An Appreciation – Rocky

There are many movies that feature underdog characters, but very few are as good and as inspirational as Rocky (1976). Directed by John G. Avildsen and written by and starring Sylvester Stallone as the titular character, the film is a moving emotional journey about a no-name fighter who is given the miracle chance of becoming a world champion. But more than that, the movie is a story of a man who simply wants to be the best that he can possibly be. He wishes to crawl out of the depths that life has put him in and earn the self-respect that even he doesn’t feel he has. The movie is about so much more than just the final fight, and it is about more than just a fighter. It is about a man’s life; it is about that man trying to find his share of happiness, however small that may be.

The film is so beloved because the character is one that we so easily can fall in love with.
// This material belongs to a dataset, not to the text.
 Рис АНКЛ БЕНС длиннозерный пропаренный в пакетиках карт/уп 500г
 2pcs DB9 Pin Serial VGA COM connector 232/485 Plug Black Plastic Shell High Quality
Rocky Balboa is so inherently good, so lovable and endearing, that it is difficult to not find sympathy for him. Stallone wrote Balboa with dialogue that is not eloquent, but his feelings and emotions are so strong that words don’t even need to be said to express what he is going through. He is of meager living conditions, spending his nights boxing in small, rundown clubs for very little pay. During the day, he works as a collector for a small time loan shark named Tony Gazzo (Joe Spinell). But even though he works for a low rent criminal, Rocky is certainly not a bad person himself. He tries to find the good in people, and wants to help others when he can. When Gazzo orders Rocky to break the thumbs of a person who hasn’t yet repaid their debts, Rocky feels for the man and lets him go, even though he knows that he’ll end up being reprimanded for it. Yes, Rocky fights in a brutal sport and works with brutal people, but he is not a brutal person.

Rocky lives in a very humble environment. The apartment he resides in is quaint to say the least, with empty beers bottles scattered around and loose newspapers adorning his couch and coffee tables. I think the way his apartment is says a lot about how Rocky thinks about himself. It’s clear that Rocky’s self esteem is not very high. He thinks very low of who he is as a person, and admits it often. Philadelphia is portrayed as a drab, cold city, one of dirty alleyways and sidewalks, with suspicious people hanging out on the street corners, seemingly up to no good. It’s a world where one can easily become lost and corrupted, and Rocky knows this. In a poignant scene, Rocky attempts to teach a young girl named Marie (Jodi Lestizia) the dangers about hanging out with the wrong crowd, only to be completely dismissed and called a “creep-o.” Watch Rocky’s reaction as he heads back down the street, calling himself a “creep-o” as well. Rocky knows that people think of him as a nobody, and it is likely that he would agree also. At the boxing gym, his gear gets taken out of his locker for an up-and-coming prospect, and when he asks the trainer Mickey (Burgess Meredith) why, Mickey’s response is because he is a bum.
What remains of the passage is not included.